• _Data for the task_
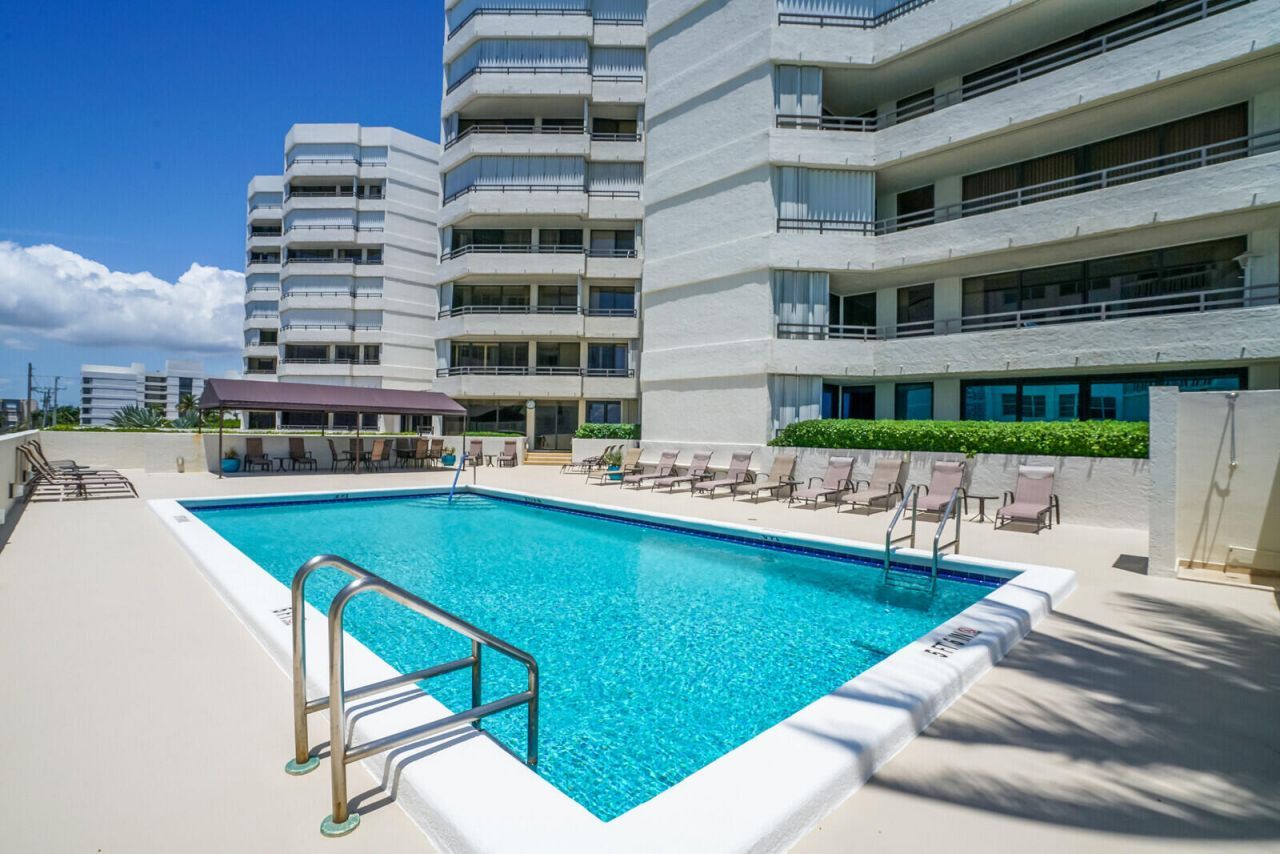 3560 S Ocean Boulevard, Unit Ph4, South Palm Beach, FL 33480 Photo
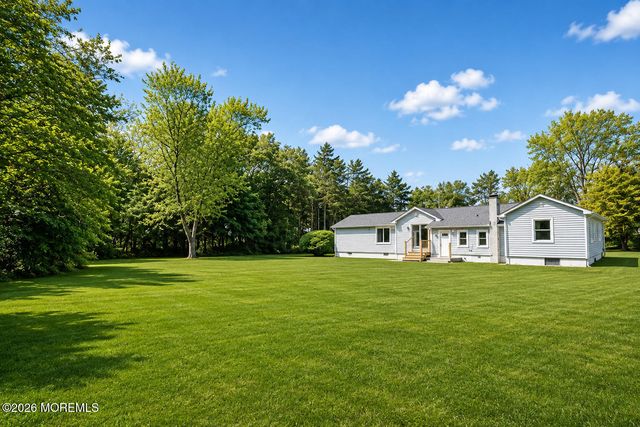 5 Riccis Drive, Jackson, NJ 08527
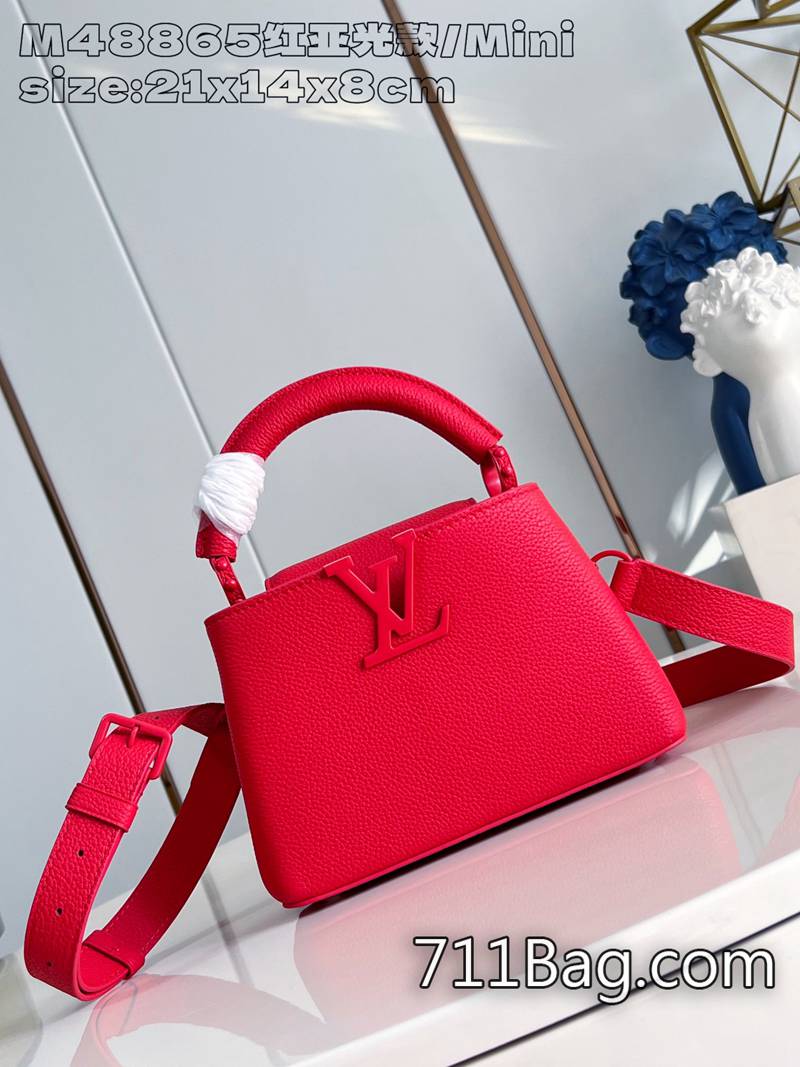 精品A貨LV M48865紅亞光款/迷你 細節到每一針一線 高仿LV雙肩包正品質感系上可調節肩帶,輕松實現斜挎選擇。size:21x14x8cm 精品A貨LV M48865紅亞光款/迷你 細節到每一針一線 高仿LV雙肩包正品質感系上可調節肩帶,輕松實現斜挎選擇。size:21x14x8cm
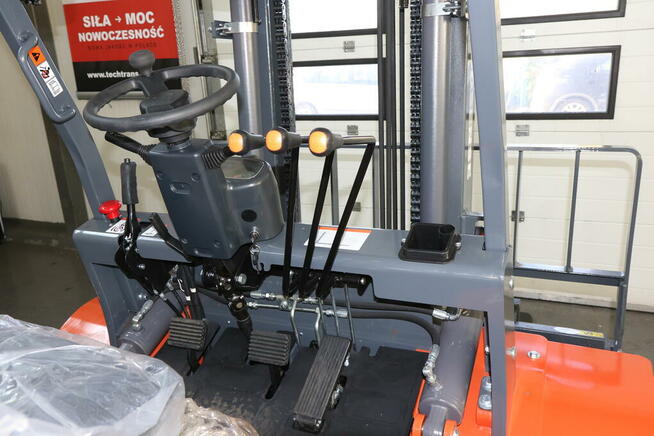 Wózek widłowy NOWY 2,5 tony Dostępny przesuw boczny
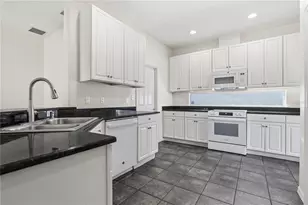 7613 Torino Ct, Orlando, FL 32835 - Photo 11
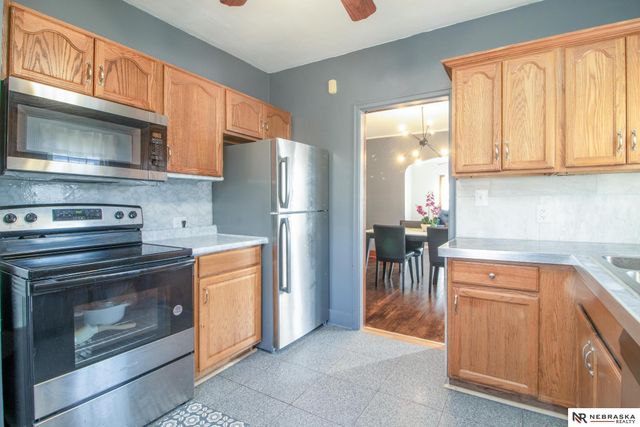 3408 N 49th Street, Omaha, NE 68104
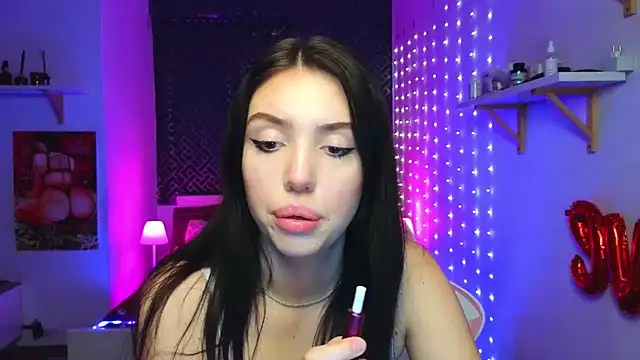 AliceSpark online show from March 21, 6:18 pm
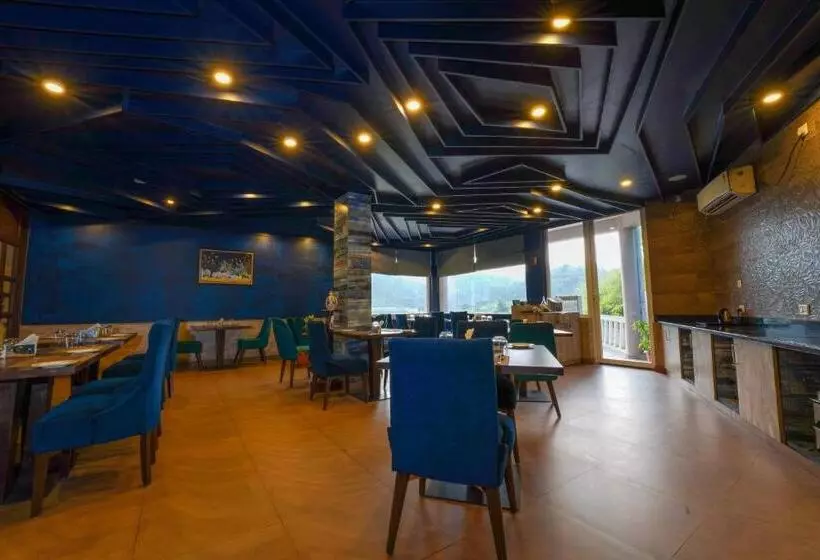 Hotelli Neugal Riverfront Resort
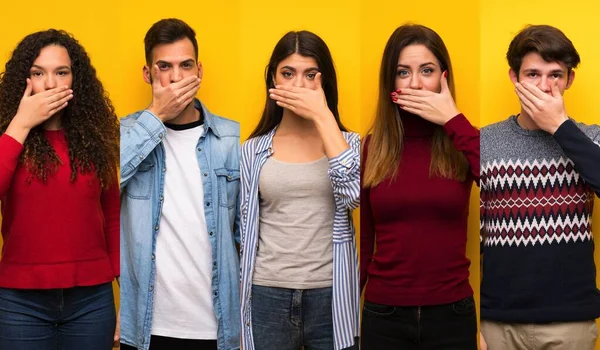 Conjunto Personas Cubriendo Boca Con Las Manos Por Decir Algo —  Fotos de Stock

• _What is required_
Write out exactly the lines that run from the one containing "Hotelli Neugal Riverfront Resort" to the last line of the entries above, both ends kept, pictures left out.

• _Answer to the exercise_
 Hotelli Neugal Riverfront Resort
 Conjunto Personas Cubriendo Boca Con Las Manos Por Decir Algo —  Fotos de Stock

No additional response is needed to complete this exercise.